Operationalising “Community Wellbeing” for municipal transport policy


Operationalising “Community Wellbeing” for municipal transport policy.






Prof. Karst Geurs

Daily supervisor

Dr. Anna Grigolon

PhD student

Ir. Marco van Burgsteden

The Capability Approach (CA) is an emerging concept in transport studies and is propagated as a new conceptual framework to assess the transport system, policy measures, and transport projects, based on their contribution to individuals’ opportunities, ultimately affecting their wellbeing. The focus of current operationalisations draws on the concept of accessibility and/or accessing opportunities, which is fundamental to take part in society. This approach aligns very well with initiatives to integrate Community Wellbeing (CWB) in transport policy evaluations. However, CA has been operationalised in many different ways, and the major gap in the knowledge, identified by the literature, is how to operationalise sufficient accessibility, and specifically, setting thresholds. This thesis aims to close this knowledge gap for the case of municipal transport planning in the Netherlands. It comprises four parts. Part 1 is a literature review on CA in transport research and the CA in policymaking, from which a practically applicable, integrative framework will be deducted. This is necessary to identify the conceptual specifications for policy planning tools, such as indicators, data sets, and evaluation methods. Specific attention is paid to the problem of ‘threshold setting’ for sufficient levels of accessibility. Part 2 of the thesis explores how municipal professionals evaluate these concepts by conducting qualitative and quantitative surveys, looking into both the overall perceived usability of the framework, as well as the considerations that play a part in setting thresholds for sufficient accessibility from a transport planner’s point of view. In part 3, the consistency and applicability of the total framework in different types of strategic transport planning activities are examined by observing these activities within municipalities and reflecting upon the results with the involved professionals. Part 4 will evaluate the usefulness of the framework in the more specific context of the different roles local governments have when confronted with different types of shared mobility services that are being developed.

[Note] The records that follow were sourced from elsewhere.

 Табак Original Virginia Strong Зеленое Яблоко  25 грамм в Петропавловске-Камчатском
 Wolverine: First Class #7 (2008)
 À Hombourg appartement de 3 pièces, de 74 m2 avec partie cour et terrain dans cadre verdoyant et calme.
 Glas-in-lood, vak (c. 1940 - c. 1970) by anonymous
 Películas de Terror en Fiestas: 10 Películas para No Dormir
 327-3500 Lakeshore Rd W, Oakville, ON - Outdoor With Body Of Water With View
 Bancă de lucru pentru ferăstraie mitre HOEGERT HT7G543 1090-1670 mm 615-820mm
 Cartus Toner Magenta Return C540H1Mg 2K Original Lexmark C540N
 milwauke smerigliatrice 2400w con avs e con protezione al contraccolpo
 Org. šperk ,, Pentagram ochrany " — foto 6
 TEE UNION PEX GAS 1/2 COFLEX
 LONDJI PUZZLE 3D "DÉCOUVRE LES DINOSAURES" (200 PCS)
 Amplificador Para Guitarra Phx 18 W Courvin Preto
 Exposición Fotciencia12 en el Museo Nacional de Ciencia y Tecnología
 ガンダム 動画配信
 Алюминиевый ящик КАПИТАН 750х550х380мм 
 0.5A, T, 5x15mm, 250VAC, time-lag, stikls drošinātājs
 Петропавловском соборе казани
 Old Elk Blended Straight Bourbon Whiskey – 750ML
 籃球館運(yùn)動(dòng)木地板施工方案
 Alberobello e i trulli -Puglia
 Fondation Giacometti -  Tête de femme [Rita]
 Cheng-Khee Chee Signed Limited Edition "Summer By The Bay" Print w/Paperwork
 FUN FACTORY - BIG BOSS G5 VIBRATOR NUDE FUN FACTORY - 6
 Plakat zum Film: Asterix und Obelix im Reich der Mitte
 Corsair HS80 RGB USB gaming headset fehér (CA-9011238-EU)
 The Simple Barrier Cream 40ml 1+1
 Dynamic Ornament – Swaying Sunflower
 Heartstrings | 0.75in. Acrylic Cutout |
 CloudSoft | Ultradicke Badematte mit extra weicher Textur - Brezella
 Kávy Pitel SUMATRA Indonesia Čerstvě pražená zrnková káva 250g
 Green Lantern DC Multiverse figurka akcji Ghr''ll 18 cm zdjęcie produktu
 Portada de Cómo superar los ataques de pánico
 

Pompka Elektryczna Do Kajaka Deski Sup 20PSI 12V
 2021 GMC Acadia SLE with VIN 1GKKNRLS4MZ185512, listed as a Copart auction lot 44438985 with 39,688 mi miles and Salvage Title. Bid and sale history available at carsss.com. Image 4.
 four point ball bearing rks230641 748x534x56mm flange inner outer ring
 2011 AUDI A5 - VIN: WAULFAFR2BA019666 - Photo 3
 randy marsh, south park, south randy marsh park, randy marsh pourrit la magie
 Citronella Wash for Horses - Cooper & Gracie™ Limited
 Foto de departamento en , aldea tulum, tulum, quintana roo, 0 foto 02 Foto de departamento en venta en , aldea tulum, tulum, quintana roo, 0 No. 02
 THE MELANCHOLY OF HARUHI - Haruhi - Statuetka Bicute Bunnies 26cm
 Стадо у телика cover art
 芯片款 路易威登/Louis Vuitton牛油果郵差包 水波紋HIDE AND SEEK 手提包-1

The novelty of this research is that (1) it uses the Capability Approach to actual municipal transport planning, enabling the integration of  Community Wellbeing into transport policies, (2) it is the first study that aims to co-create thresholds for sufficient accessibility with stakeholders from the transport policy praxis, and (3) that it showcases how community wellbeing can contribute to making practitioners more aware of the broader societal effects of policy measures, specifically for shared mobility applications.